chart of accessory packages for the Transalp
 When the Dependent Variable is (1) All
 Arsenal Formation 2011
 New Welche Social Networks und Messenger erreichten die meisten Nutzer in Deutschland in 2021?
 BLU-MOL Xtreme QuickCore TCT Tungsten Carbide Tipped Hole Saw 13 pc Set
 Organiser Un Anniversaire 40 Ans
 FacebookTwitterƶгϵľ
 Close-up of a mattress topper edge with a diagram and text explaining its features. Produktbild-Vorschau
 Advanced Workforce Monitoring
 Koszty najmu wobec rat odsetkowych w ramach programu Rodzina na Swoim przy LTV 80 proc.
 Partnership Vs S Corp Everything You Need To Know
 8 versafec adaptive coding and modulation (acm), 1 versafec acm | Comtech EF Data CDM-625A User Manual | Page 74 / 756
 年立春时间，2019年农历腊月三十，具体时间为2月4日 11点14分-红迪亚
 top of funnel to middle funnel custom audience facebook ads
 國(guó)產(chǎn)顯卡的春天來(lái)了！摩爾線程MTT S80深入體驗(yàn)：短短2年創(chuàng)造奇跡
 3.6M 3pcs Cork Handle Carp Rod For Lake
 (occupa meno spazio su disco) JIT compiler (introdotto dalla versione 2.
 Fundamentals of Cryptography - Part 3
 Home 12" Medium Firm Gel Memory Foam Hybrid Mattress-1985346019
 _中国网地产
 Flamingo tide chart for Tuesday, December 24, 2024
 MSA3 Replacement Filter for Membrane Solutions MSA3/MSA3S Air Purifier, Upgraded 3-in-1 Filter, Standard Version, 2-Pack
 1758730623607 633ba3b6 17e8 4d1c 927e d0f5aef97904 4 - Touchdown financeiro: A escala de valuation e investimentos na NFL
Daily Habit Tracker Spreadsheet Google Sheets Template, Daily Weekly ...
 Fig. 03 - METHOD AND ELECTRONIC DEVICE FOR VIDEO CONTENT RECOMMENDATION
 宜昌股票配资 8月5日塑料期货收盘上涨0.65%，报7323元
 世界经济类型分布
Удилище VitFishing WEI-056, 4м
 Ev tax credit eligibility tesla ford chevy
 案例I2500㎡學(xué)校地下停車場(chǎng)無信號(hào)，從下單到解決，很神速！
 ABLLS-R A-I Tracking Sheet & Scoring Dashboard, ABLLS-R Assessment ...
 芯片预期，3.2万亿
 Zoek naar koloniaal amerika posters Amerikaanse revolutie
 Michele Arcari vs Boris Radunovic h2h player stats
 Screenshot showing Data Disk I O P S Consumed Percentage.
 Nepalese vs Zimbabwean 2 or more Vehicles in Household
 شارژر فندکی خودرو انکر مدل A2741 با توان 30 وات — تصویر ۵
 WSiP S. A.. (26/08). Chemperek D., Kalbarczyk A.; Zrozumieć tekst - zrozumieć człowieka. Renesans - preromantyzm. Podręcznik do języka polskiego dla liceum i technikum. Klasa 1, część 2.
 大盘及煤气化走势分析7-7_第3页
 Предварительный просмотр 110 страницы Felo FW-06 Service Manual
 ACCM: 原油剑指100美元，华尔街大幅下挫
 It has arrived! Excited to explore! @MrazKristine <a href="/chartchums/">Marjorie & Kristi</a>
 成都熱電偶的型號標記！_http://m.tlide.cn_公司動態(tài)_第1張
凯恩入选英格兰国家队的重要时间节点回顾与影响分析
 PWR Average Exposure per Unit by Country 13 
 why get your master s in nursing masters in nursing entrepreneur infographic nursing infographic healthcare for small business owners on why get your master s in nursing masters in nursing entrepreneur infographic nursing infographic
====================
Word for word, repeat the data from its first line through the line with "Koszty najmu wobec", including both of those lines and no others.

chart of accessory packages for the Transalp
 When the Dependent Variable is (1) All
 Arsenal Formation 2011
 New Welche Social Networks und Messenger erreichten die meisten Nutzer in Deutschland in 2021?
 BLU-MOL Xtreme QuickCore TCT Tungsten Carbide Tipped Hole Saw 13 pc Set
 Organiser Un Anniversaire 40 Ans
 FacebookTwitterƶгϵľ
 Close-up of a mattress topper edge with a diagram and text explaining its features. Produktbild-Vorschau
 Advanced Workforce Monitoring
 Koszty najmu wobec rat odsetkowych w ramach programu Rodzina na Swoim przy LTV 80 proc.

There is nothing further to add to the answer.